A Pakistan army helicopter has crashed in mountainous territory, killing seven people, including the Philippine and Norwegian ambassadors.
It crashed during an emergency landing in the Pakistani-administered Gilgit-Baltistan region.
The wives of the Indonesian and Malaysian envoys, two pilots and a crew member also died. They were to attend the opening of a tourism project.
Two senior Pakistani ministers said the crash was down to a technical fault.
Earlier, the Pakistani Taliban said they were behind the attack.
But Defence Minister Khawaja Asif, and Foreign Minister Azez Chaudhury said there appeared to have been technical problems with the helicopter.
Analysis: M Ilyas Khan, BBC News, Islamabad
This is one of the most tragic aviation disasters for the Pakistani military in decades. The last time one of its air crashes killed a foreign diplomat was in 1988 when a C-130, carrying then military ruler Gen Zia ul-Haq, US Ambassador Arnold Raphel and several of the army top brass, crashed in southern Pakistan, killing all on board.

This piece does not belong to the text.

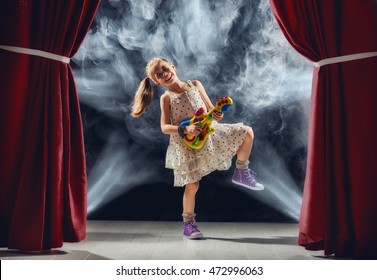 Cute Little Child Girl Playing Guitar On Stage. Kid Dreams Of Becoming A Rock Musician.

The diplomats flying in the ill-fated MI-17 on Friday were headed for the inauguration of a ski chairlift, built in the breathtaking resort of Naltar, in northern Pakistan.
The 180-seat lift was donated by Switzerland and installed by the Pakistan Air Force. Its test run was completed in August, but its formal opening was delayed several times due to Prime Minister Nawaz Sharif’s preoccupations elsewhere.
Today Mr Sharif flew to within 40km (25 miles) of Naltar valley, but just then the news of the crash came and he had to turn back without touching down at the regional airport in Gilgit.